Learning How to Learn: Optimists and Realists

In schools, optimism helps teachers a lot.

At the beginning of the year, my students JUST DON’T KNOW all sorts of things: how to write a good essay; how to analyze Macbeth; how to define “gerund.”

In all likelihood, your students don’t know things too.

Group of middle-school children working with electrical equipment and an ipad

Because I’m often an optimist, I trust that — by the end of the year — they WILL KNOW all those things, and lots more. So, I suspect, are you.

Our optimism prevents despair. (“They’ll just never learn the …”)

At times, however, that optimism can build unreasonable hopes and expectations.

For instance:

I hear a GREAT DEAL of enthusisam about the concept of teaching students “to learn how to learn.”

If students know all the cool stuff that we discuss at Learning and the Brain conferences, surely their academic lives will be better.

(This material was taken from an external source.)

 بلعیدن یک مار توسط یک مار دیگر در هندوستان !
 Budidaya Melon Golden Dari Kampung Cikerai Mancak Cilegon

The optimist in me says: “that sounds GREAT.” The realist in me says: “I want to slow down and ask some pointed questions…”

A Core Principle

I make my living by explaining cognitive science to teachers. I talk about working memory and attention and retrieval practice and prior misconceptions and executive attention…the list goes on.

When I think about explaining cognitive science to students, I return to this vital question:

Realistically speaking, can students DO SOMETHING with this information?

If the realistic answer to that question (have I written “realistic” often enough?) is not an emphatic “YES,” then I’m very hesitant about sharing it.

For example: retrieval practice.

By now, this blog’s readers know that actively calling information to mind (“retrieval practice”) enhances learning — especially when compared with rereading (“simple review”).

I could link to dozens of sources, but — to keep things simple — I’ll simply highlight this book review, and this website.

Obviously, we teachers should use as much retrieval practice as we reasonably can.

But: should we tell our students about retrieval practice, so they can “learn how to learn”?

Let’s go back to my guiding principle:

Realistically speaking, can students DO SOMETHING with information about retrieval practice?

Well: obviously YES.

Students can…

… make flashcards

… quiz one another (rather than review their notes)

… outline a chapter from memory (rather than reread the chapter).

Students have ALL SORTS of ways to make retrieval practice their own, and to benefit from it.

So, it makes sense to tell students about this part of cognitive science.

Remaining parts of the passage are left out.